Lenny Kravitz -- He And A Melon Time-Trip The Arena

Concert preview

Lenny Kravitz and Blind Melon, 8 tonight, Seattle Center Arena; $22.50; 628-0888. -------------------------------------------------------------------

Rock is becoming timeless.

The decades are blurring as contemporary rockers embrace styles from the past, playing rockabilly, punk, new wave or psychedelia as if they were new.

Lenny Kravitz and Blind Melon, playing tonight at the Arena, both could time-travel back to the '60s and fit right in. Kravitz adopts the stinging guitar vocabulary and wild psychedelic clothes of his idol Jimi Hendrix, while Blind Melon is a long-haired, peace-'n'-love band romping through the fields of hippiedom.

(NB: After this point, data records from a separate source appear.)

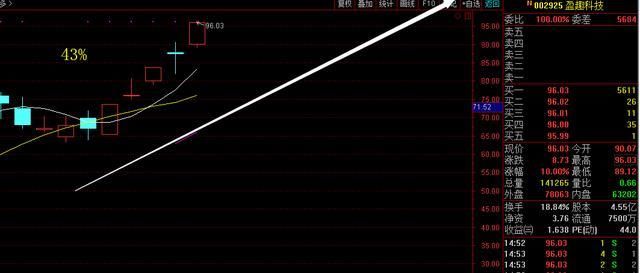 一旦有幸遇到“内盘外盘”试盘的股票,坚持捂股,股价将火箭式飙涨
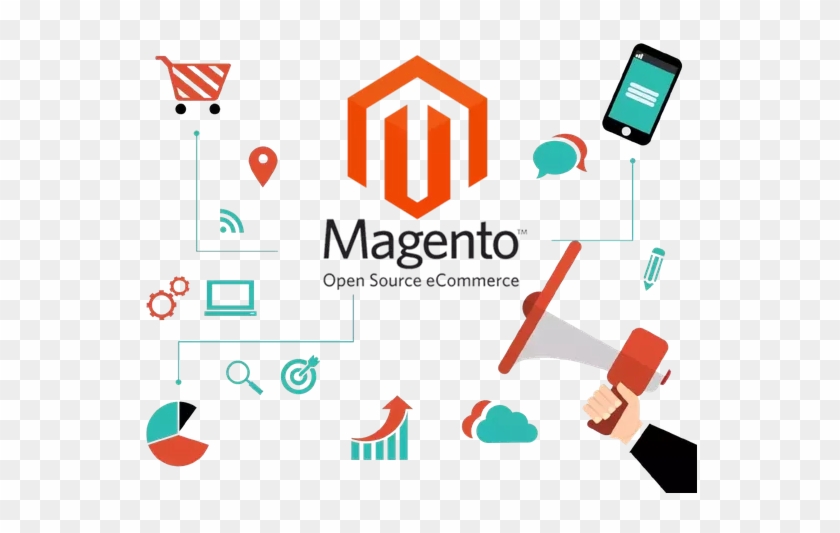 I Would Suggest Magento, Open Source Platform For The - Inbound Marketing #689054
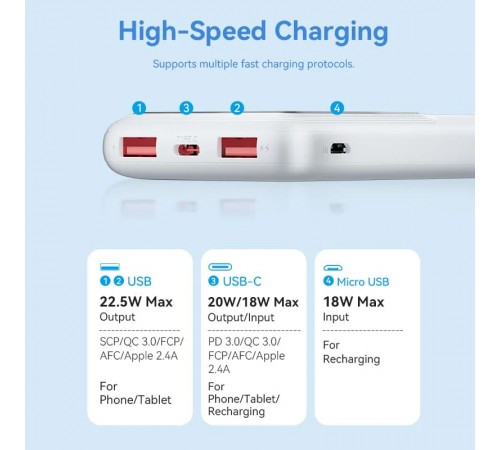 Універсальна мобільна батарея Vention 10000mAh PD QC 3.0 White (FHKW0)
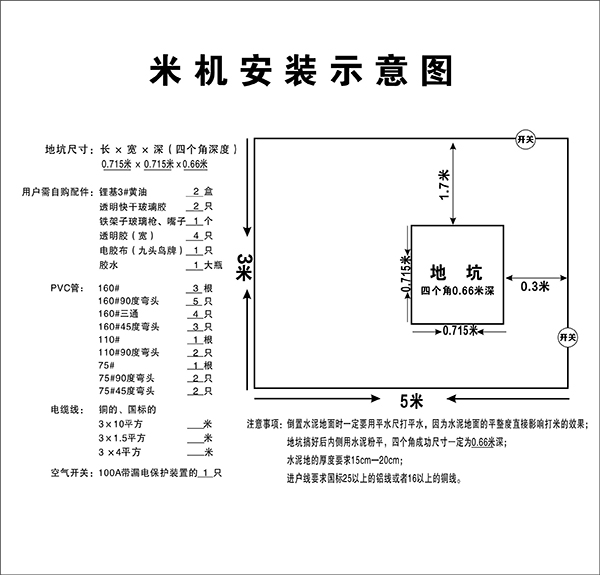 湘潭市長城農業(yè)機械有限公司,湘潭農業(yè)機械,機械及配件經營,橡膠制品銷售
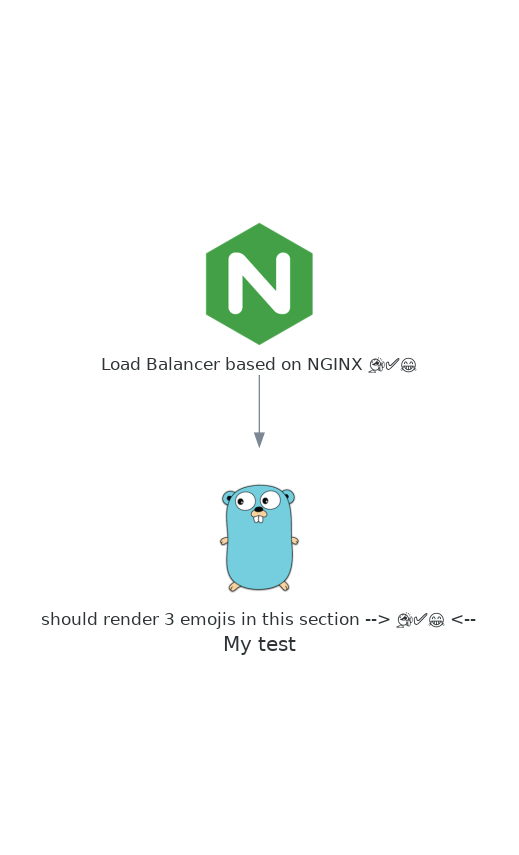 Add emoji support · Issue #278 · mingrammer/diagrams · GitHub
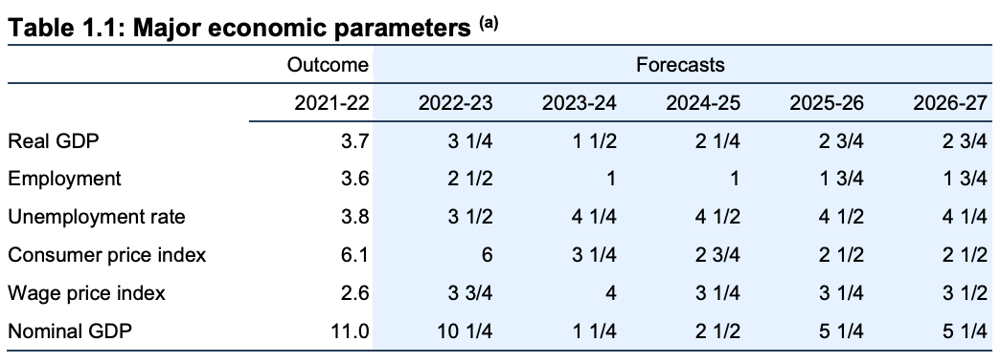 Economic Forecasts Budget 2023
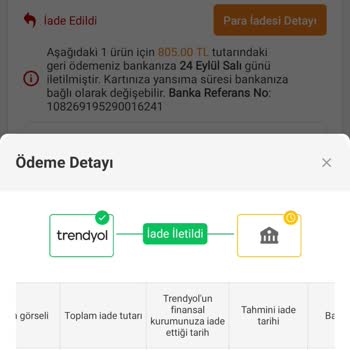 İade Tutarı Sorunu ve Gecikme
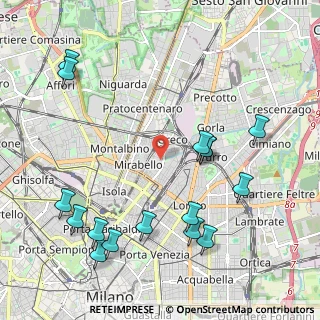 Mappa 20125 Milano MI, Italia (2.50375)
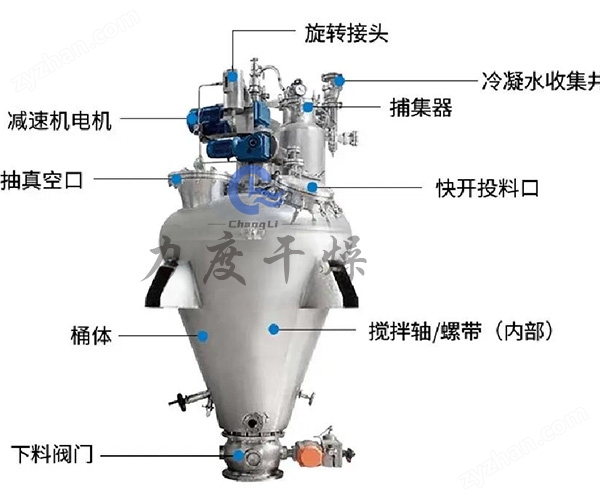 力度干燥——聚砜螺帶真空干燥機！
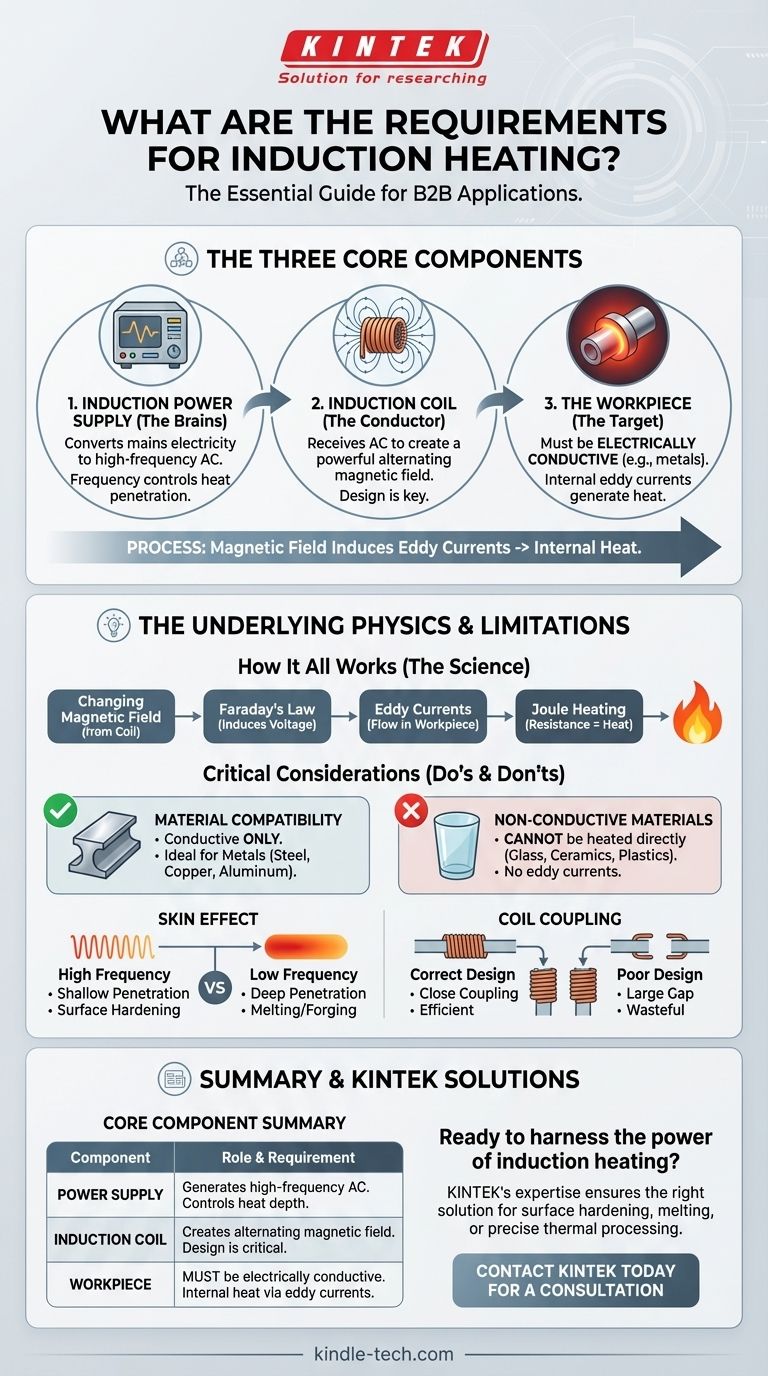 What are the requirements for induction heating? Achieve Fast, Precise, and Clean Heat Visual Guide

Kravitz's retro look and sound kept a lot of people from noticing his artistry as a guitarist and songwriter. They couldn't get past the past to see that he had the chops to back up the image. For a time he was more famous as Lisa Bonet's husband - they've since separated - than as one of rock's most promising new talents.

Nevertheless, his first two albums, 1989's "Let Love Rule" and 1991's "Mama Said," both eventually found wide audiences - mostly thanks to Kravitz's constant touring and fascinating performance videos.

With his latest release, "Are You Gonna Go My Way," Kravitz's potential is finally being fulfilled. The most confident and varied of his albums, it's sold more than the other two combined.

In addition to the powerful title cut, it includes the slow, ethereal "Believe," the spare, Lennonlike "Just Be A Woman," and the reggae-fueled "Eleutheria."

Even beyond his eye-catching clothes and fascinating sounds, Kravitz is an interesting character. The son of NBC producer Sy Kravitz and actress Roxie Roker, best known for her role as Helen, the black woman married to a white man on "The Jeffersons," he was raised amid luxury on the Upper East Side of Manhattan. But he also spent time with his mother's relatives in Brooklyn's tough Bedford-Stuyvesant section.

His initial musical interest was classical. He sang in the chorus of the Metropolitan Opera and for three years was a member of the California Boys Choir.

The multi-talented Kravitz produced Madonna's No. 1 hit "Justify My Love," co-wrote a song with Steven Tyler on the new Aerosmith album, and recently completed a duet with Mick Jagger for his new solo project. He will be backed here by the same musicians featured on the new album, Craig Ross on guitar and Tony Breit on bass.

Rolling Stone cover boys Blind Melon - nekkid, like a lot of people on the magazine's covers - have a dancing bee to thank for their platinum debut album.

The video of their summer hit "No Rain," featuring a dancing bee played by 10-year-old Heather DeLoach, became an MTV favorite almost a year after the disc was released.

The delightful clip, directed by Sam Bayer, who also did Nirvana's "Smells Like Teen Spirit," eventually has the whole band in bee costumes, dancing with Heather. Those wacky images, along with the song's fun-time appeal - it sounds like the Grateful Dead on a deliriously happy day - catapulted the album (which was recorded here at London Bridge Studios) into the No. 3 spot in Billboard. When last seen, Heather was seen dancing in her bee suit on "The MTV Video Music Awards."

As further proof of the staying power of '60s rock, the show is sold out.